Türkiye, 534 kilometrelik İran sınırıyla coğrafi olarak bu yangının hemen dibinde duruyor. Hatırlayalım: Suriye iç savaşının ilk yıllarında Türkiye’nin karşı karşıya kaldığı göç dalgası, sınır kapılarında oluşan yüz binlerce kişilik kuyruklar, kamplarda büyüyen bir nesil ve ülkemize ekonomik, sosyal, kültürel yükler bırakan büyük bir insani krizdi. Bugün o krizin sonuçlarını hâlâ yaşıyoruz. Ancak İran’dan gelebilecek olası bir göç dalgası, bu tabloyu farklılaştırabilir. Çünkü İran halkı, savaşın yıkıcılığından kaçarken sınır kapılarında beklemek yerine, doğrudan uçuşlarla Türkiye’ye gelebilecek ekonomik bir düzeye sahip. Bu, göçün biçimini ve hızını tamamen değiştirebilir.
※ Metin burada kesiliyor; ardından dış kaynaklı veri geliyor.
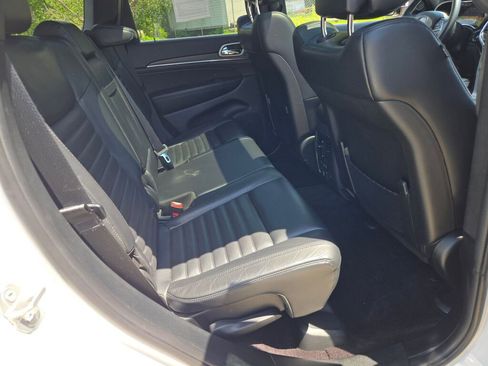 Used 2018 Jeep Grand Cherokee Limited AWD/4WD image 9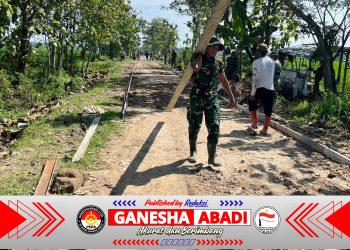 Satgas TMMD Bersama Warga Melangsir Begesting Besi Untuk Betonisasi Jalan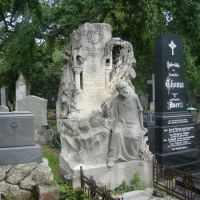 Скульптура для мужчины. Памятник для мужчины со скульптурой.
İran 88 milyonluk nüfusuyla büyük bir ülkedir. Ve Suriye (22 milyon), Irak (44 milyon) ya da Afganistan (43 milyon) gibi geçmişte savaş görmüş ülkelerle kıyaslandığında, olası bir iç göç veya dış göç dalgasının etkisi çok daha büyük çaplı olabilir. Bugün İran’da şehirler bombalanırken, yarın bu ülkede eğitimli, varlıklı, orta sınıf ailelerin bile Türkiye’ye yönelmesi işten bile değildir. Bu noktada, sadece sınır köylerini değil; İstanbul, Ankara, İzmir, Van gibi büyük şehirleri de etkileyecek bir yoğunlukla karşı karşıya kalabiliriz.
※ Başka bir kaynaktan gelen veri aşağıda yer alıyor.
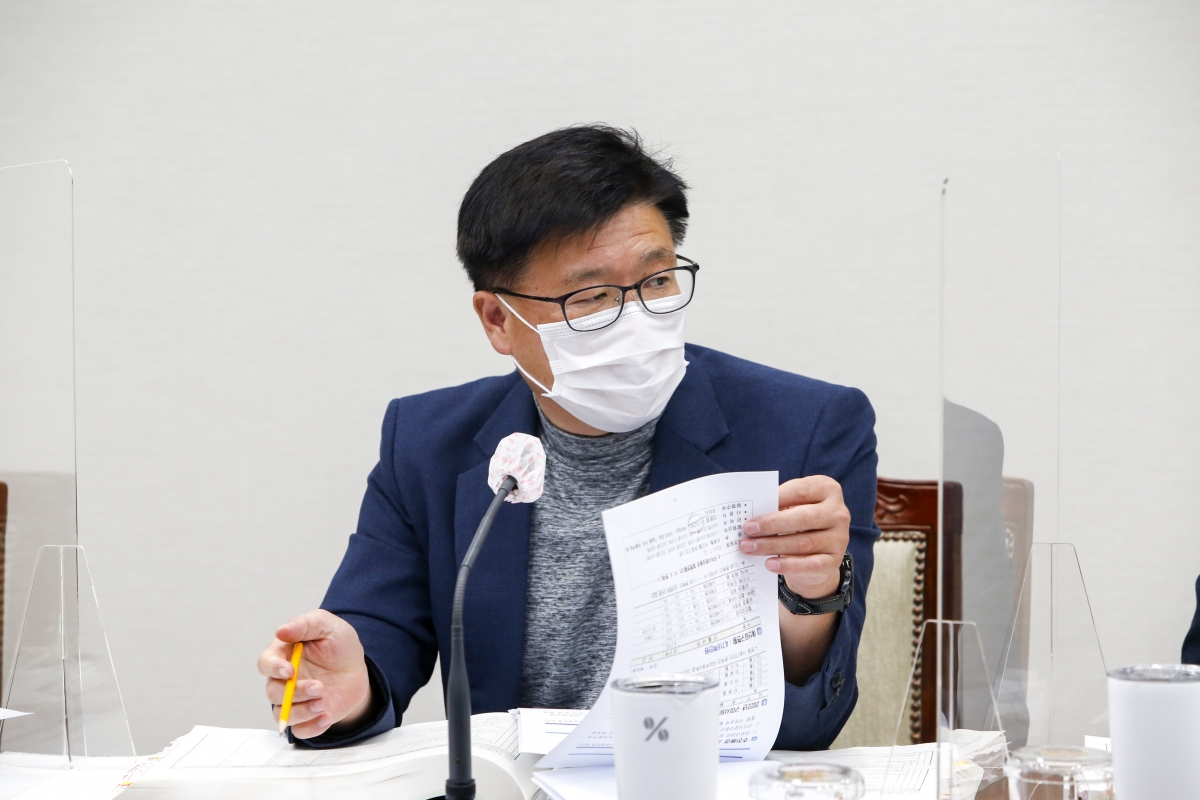 20211129-051[_P7U1680-제253회 정례회시 산업건설위원회 소관 2022년도 예산안 예비심사활동.jpg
Ve burada kritik soru şudur: Türkiye, yeni bir göç dalgasına hazır mı? Bu göç, yalnızca barınma ve istihdam gibi alanlarda değil, aynı zamanda toplumsal denge, kimlik politikaları, güvenlik ve kamu kaynaklarının paylaşımı gibi hayati alanlarda da büyük etki yaratacaktır. Bugün bile sosyal yapımız bu yükü zor taşırken, yeni bir dalganın hem sosyolojik hem de ekonomik sonuçları tahmin edilenden daha sert olabilir.
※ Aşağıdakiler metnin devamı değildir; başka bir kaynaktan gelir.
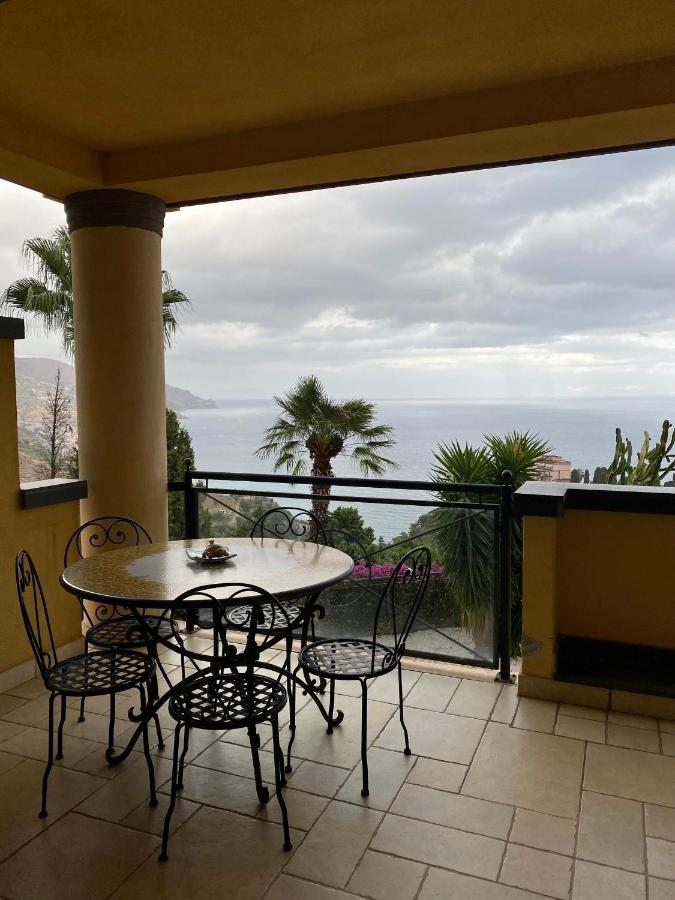 Taormina Bella Vista Apartment In Center With Pool By Taormina Holidays 외부 사진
İran-İsrail savaşı, yalnızca iki devletin kapışması değildir. Bu savaşın yankısı; petrol fiyatlarından, gıda zincirine, enerji güvenliğinden Avrupa’nın mülteci politikalarına kadar geniş bir yelpazede hissedilecektir. Ancak en somut, en hızlı, en gerçek etki yine Türkiye’nin sınırlarına çarpacaktır. Ve eğer şimdiden hazırlık yapılmazsa, bu çarpışma sadece sınırlarda değil; şehirlerimizde, pazarlarımızda, kamu bütçemizde, toplumsal huzurumuzda yankılanacaktır.
Bugün savaşın gölgesinde İran şehirlerinde uyanan insanlar, yarın Türkiye’ye umutla, ama büyük bir çaresizlikle akın edebilir. Ve biz, bu yeni göç dalgasına sadece duvarlarla değil, planla, stratejiyle ve insan onuruna yaraşır çözümlerle hazırlanmalıyız.